MLS, unfortunately, has little choice. To take a month off and schedule those 40 matches on either side of World Cup break would be a logistical nightmare, and the league would lose any momentum in fan interest if might have built in the early part of the season. On the other hand, playing while every other significant national league is idle leaves the World Cup and MLS standing back to back, reminding all here that if the World Cup is the giant then MLS is the dwarf--a very small dwarf.
What's truly unfortunate, however, is what will happen on segments of the grassroots level at World Cup time, here in a country whose impressive youth participation numbers have never translated into big TV ratings for a deserving national team or a national league that has been trying to get it right.
The dates of the World Cup have been known for some two years, and the dates of the USA's three first-round games have been known since the draw in December, yet more than two dozen competitive U.S. Youth Soccer Association tournaments have been scheduled for that period, with countless more recreational youth tournaments slated as well. Those taking part are the players, coaches and referees who are very, very involved in soccer, yet many of them will be busy when the U.S. National Team is trying to get past the Czech Republic on June 12, Italy on June 17 and Ghana on June 22.

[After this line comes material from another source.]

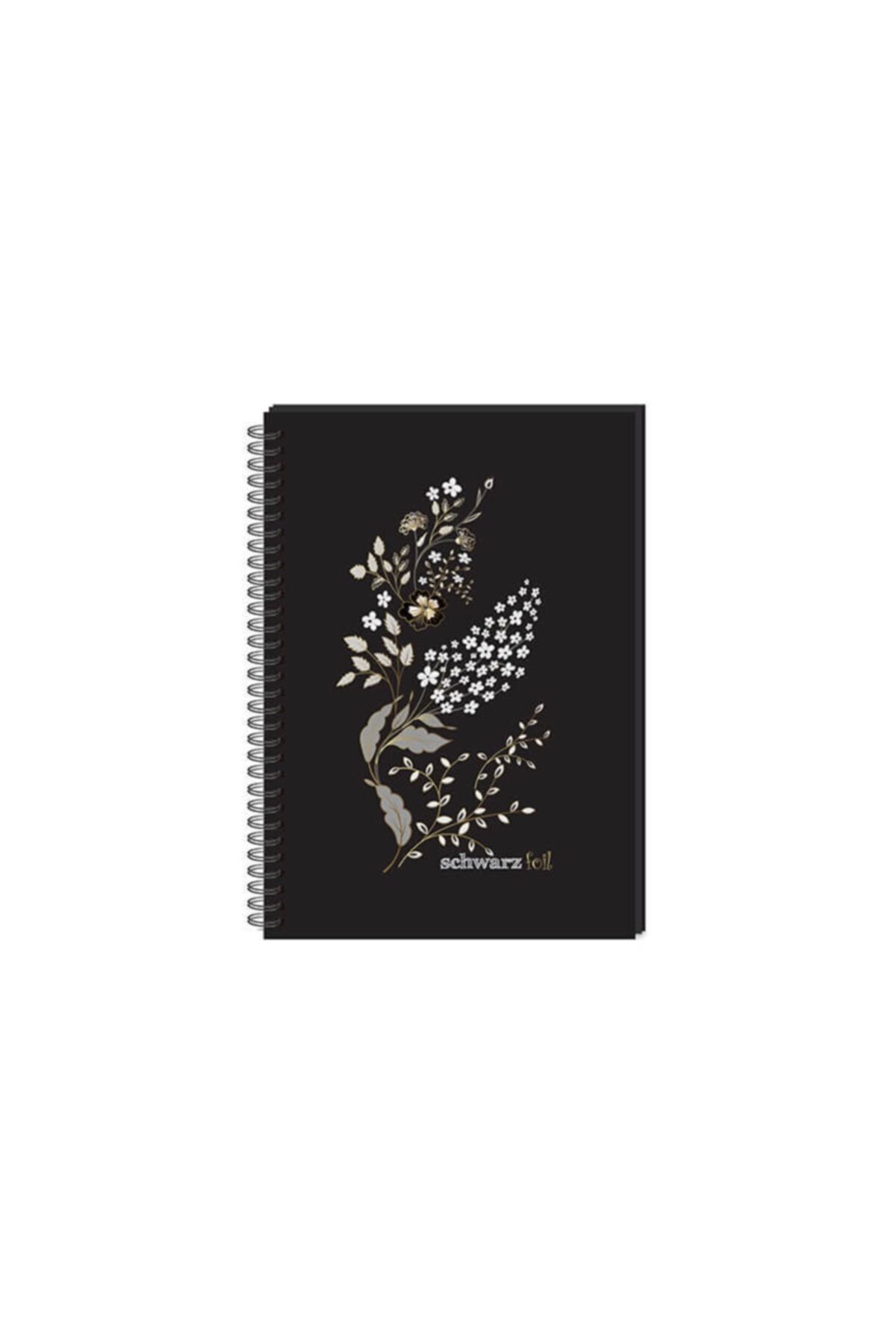 Keskin 410110 14x20 60 Yp S.k Schwarz Foil Defter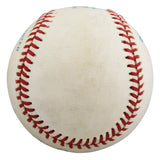 Ronald Reagan Authentic Signed Bobby Brown OAL Baseball Autographed BAS #AE33699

It is doubtful that World Cup matches will ever bring any major U.S. city to a standstill like they do without fail in Madrid, London, Rome, Buenos Aires and Rio. (Heck, during any Super Bowl, two-thirds of America is jogging, reading, shoveling snow, mowing the lawn, surfing the Internet, or stuck at work.) But it is mystifying that those here on the grassroots level, whose young players may dream of one day playing for the U.S. in a World Cup, can't bring their game to a halt for a brief period every four years and give their kids a good look at soccer's brass ring.

U.S. SHUT OUT IN THE MIDDLE
Kevin Stott of Rancho Cucamonga, Calif., has long been regarded as one of the better referees produced by the U.S. He began officiating at age 16 and has gone on to World Cup qualifiers, a FIFA Under-17 World Championship and an MLS championship game.
So it came as a surprise on April Fool's Day when FIFA announced its 23 refs for the 2006 World Cup, none of them American. Who could have predicted that for the first time since Espana '82 the U.S. would not be represented on the officials' list, especially in a year in which a referee of Stott's caliber was waiting in the wings? (Stott is indeed waiting in the wings--he's on the list of World Cup alternates.)
With Stott out, then, a prediction regarding one of the three CONCACAF referees who will work Germany '06: Sometime during the tournament, the man who has botched so many games in the past involving the U.S., Peter Prendergast of Jamaica, will make a call, or non-call, that will rate right up there with the howlers that changed Korea/Japan '02.